WORK ORDER:
Could every line below be transcribed exactly, with the pictures dropped?

----------------------------------------

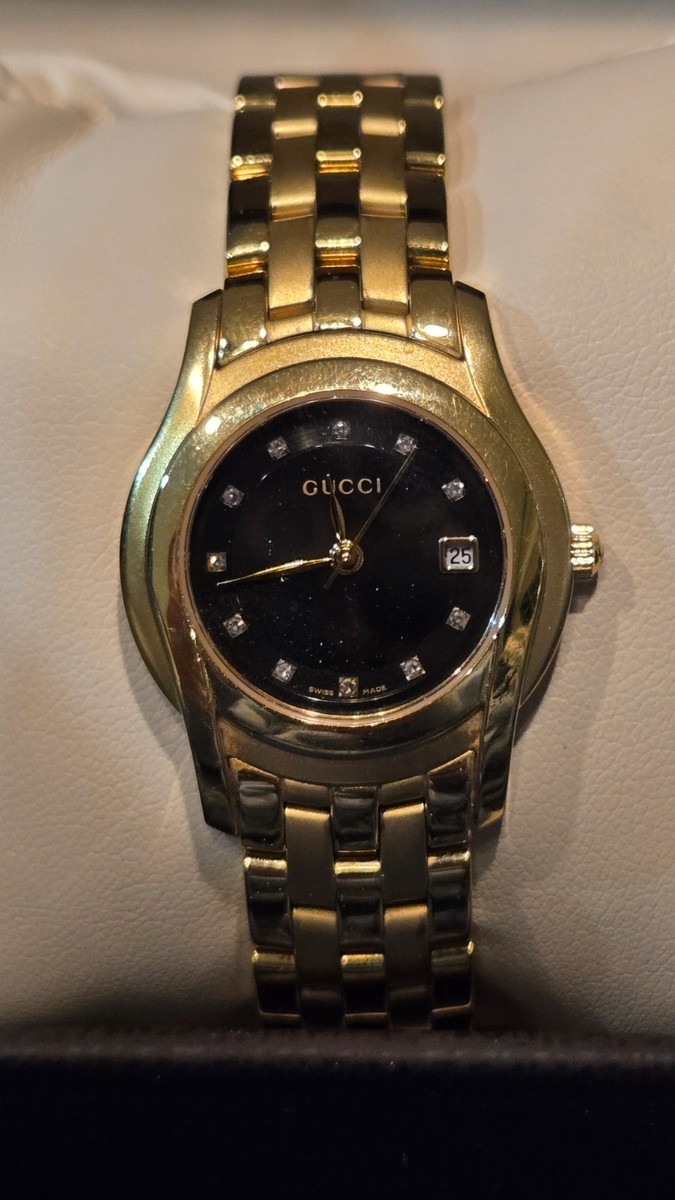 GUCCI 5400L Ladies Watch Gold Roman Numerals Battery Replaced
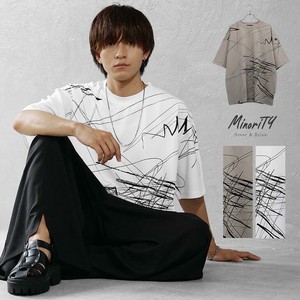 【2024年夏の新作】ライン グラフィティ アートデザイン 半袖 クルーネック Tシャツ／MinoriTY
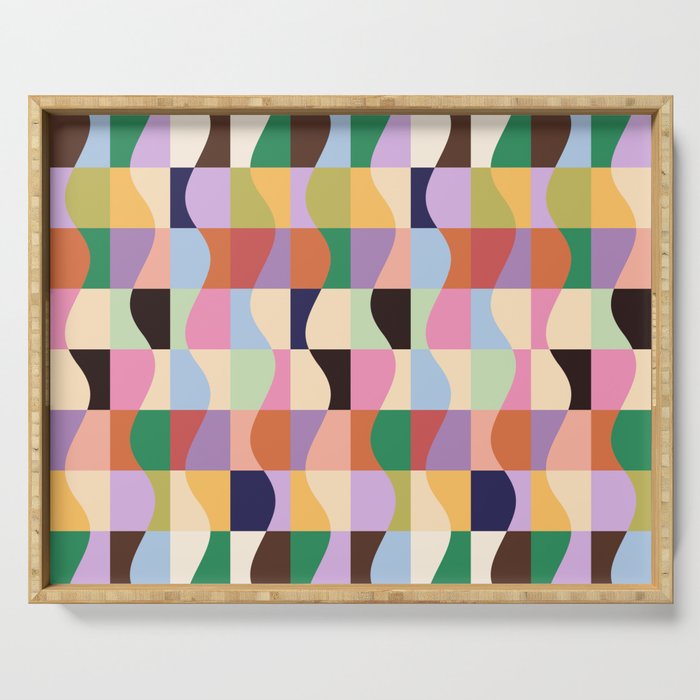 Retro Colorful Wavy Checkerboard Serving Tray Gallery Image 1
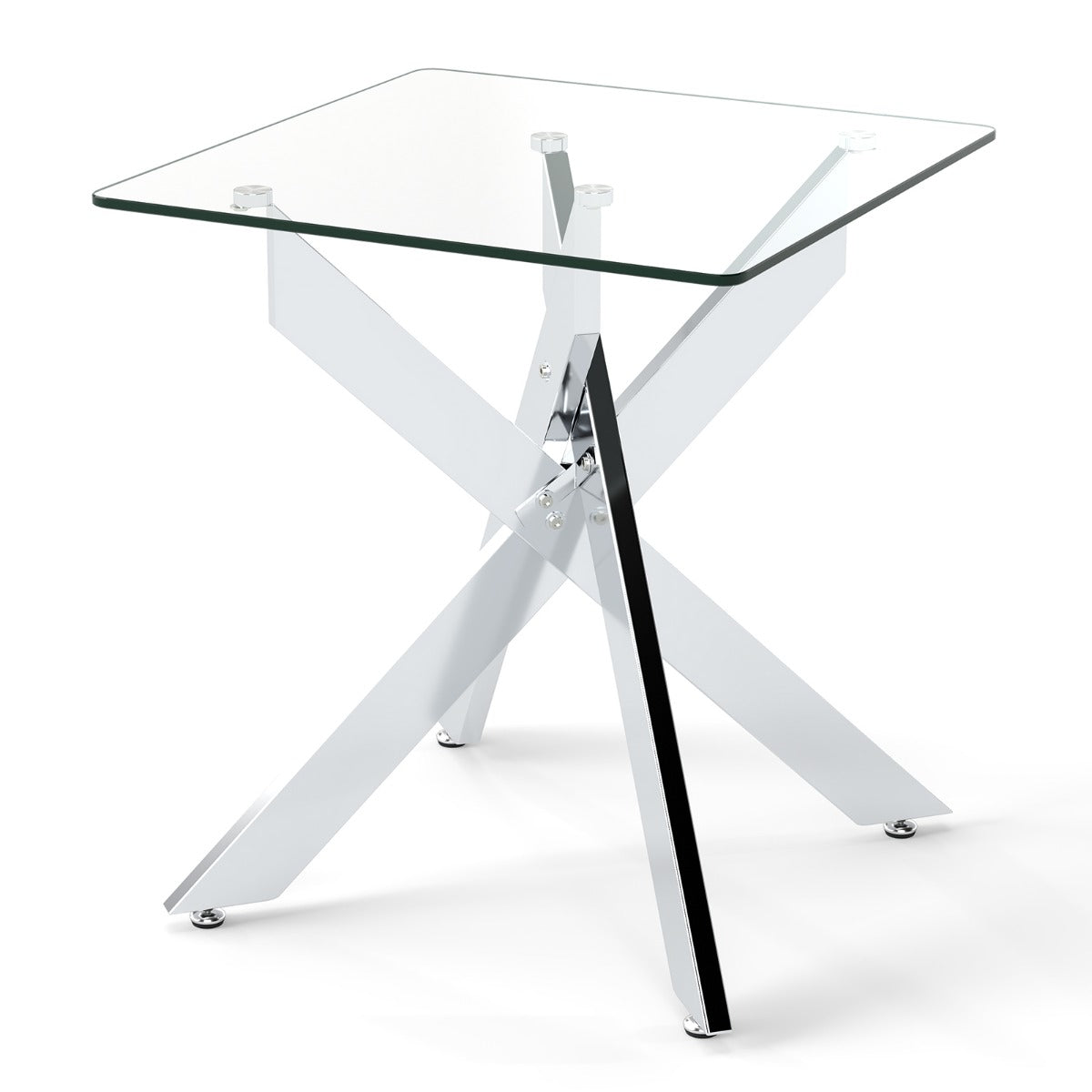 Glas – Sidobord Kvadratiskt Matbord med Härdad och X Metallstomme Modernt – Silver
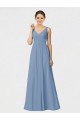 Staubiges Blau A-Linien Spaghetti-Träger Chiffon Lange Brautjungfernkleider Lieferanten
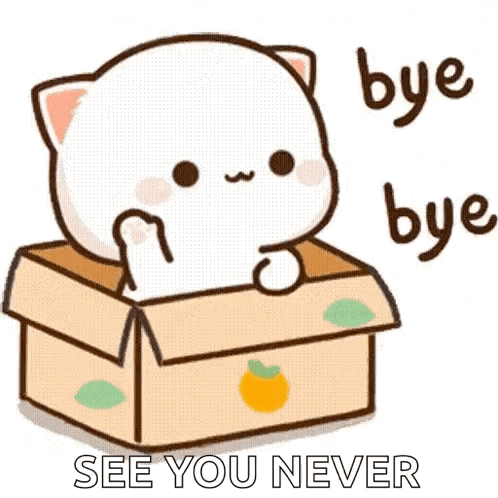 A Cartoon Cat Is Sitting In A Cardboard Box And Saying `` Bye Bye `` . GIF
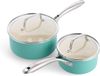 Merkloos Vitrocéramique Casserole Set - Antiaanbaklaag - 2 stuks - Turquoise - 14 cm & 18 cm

----------------------------------------

WORKED SOLUTION:
 GUCCI 5400L Ladies Watch Gold Roman Numerals Battery Replaced
 【2024年夏の新作】ライン グラフィティ アートデザイン 半袖 クルーネック Tシャツ／MinoriTY
 Retro Colorful Wavy Checkerboard Serving Tray Gallery Image 1
 Glas – Sidobord Kvadratiskt Matbord med Härdad och X Metallstomme Modernt – Silver
 Staubiges Blau A-Linien Spaghetti-Träger Chiffon Lange Brautjungfernkleider Lieferanten
 A Cartoon Cat Is Sitting In A Cardboard Box And Saying `` Bye Bye `` . GIF
 Merkloos Vitrocéramique Casserole Set - Antiaanbaklaag - 2 stuks - Turquoise - 14 cm & 18 cm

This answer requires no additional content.